** Opening Records shown block **

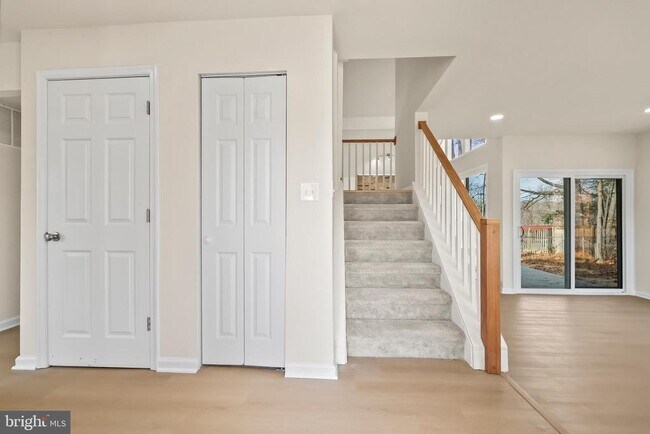 Building Photo - 2520 Linwood Ln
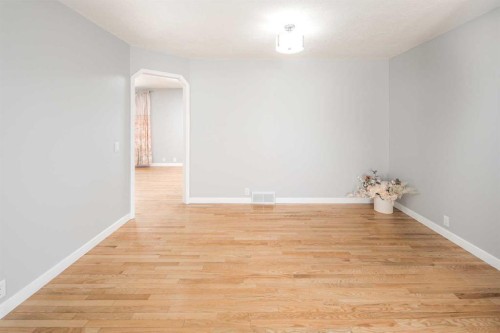 10 Somerset Court Sw, Calgary, AB - Indoor Photo Showing Other Room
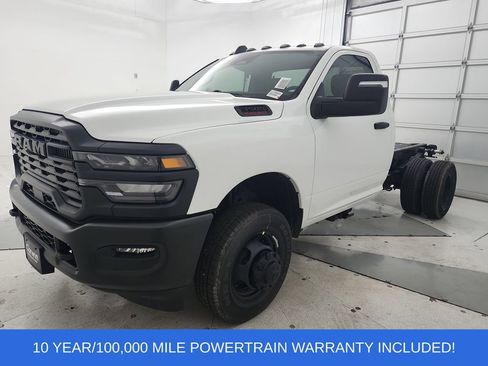 New 2026 RAM 3500 Tradesman AWD/4WD image 4
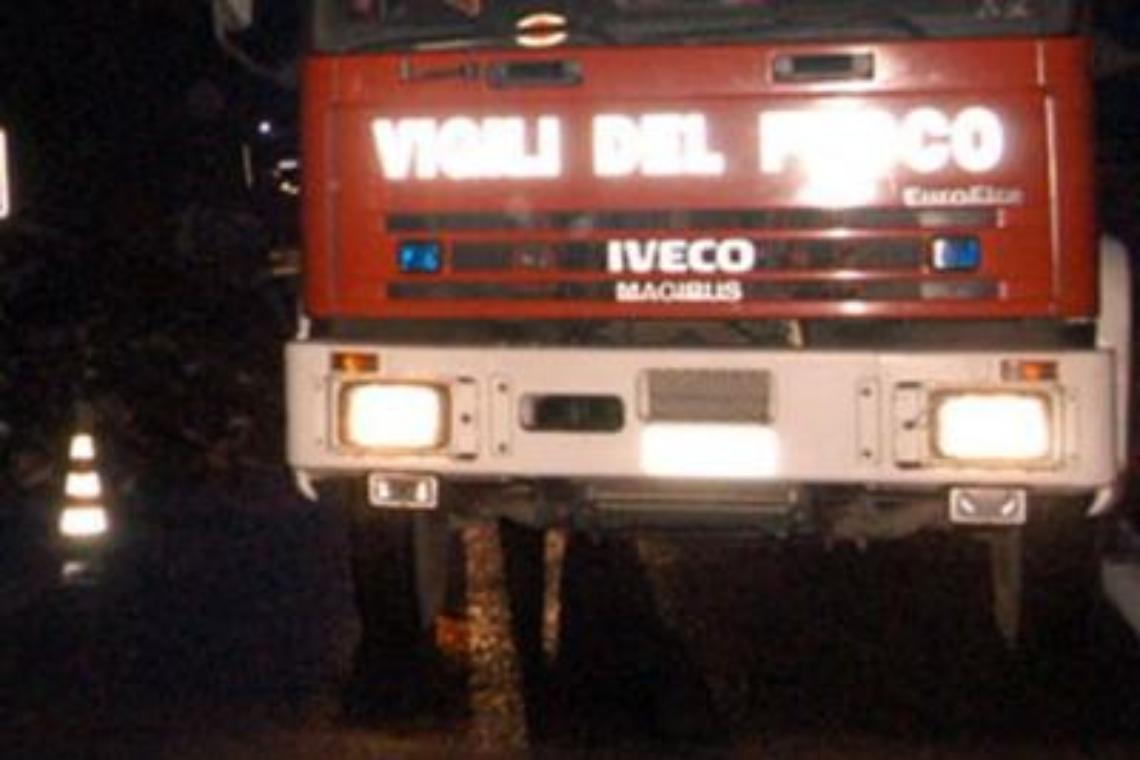 Roma, albero cade davanti a Policlinico Umberto I: un ferito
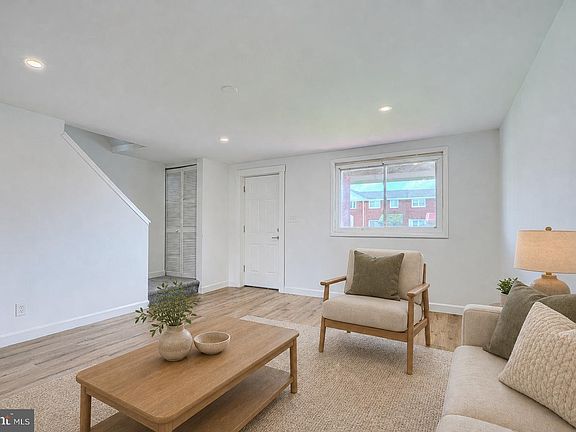 2nd image of 7827 Harold Rd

** Closing Records shown block **

What you have to do
Transcribe every record exactly and omit each image.

Your solution
 Building Photo - 2520 Linwood Ln
 10 Somerset Court Sw, Calgary, AB - Indoor Photo Showing Other Room
 New 2026 RAM 3500 Tradesman AWD/4WD image 4
 Roma, albero cade davanti a Policlinico Umberto I: un ferito
 2nd image of 7827 Harold Rd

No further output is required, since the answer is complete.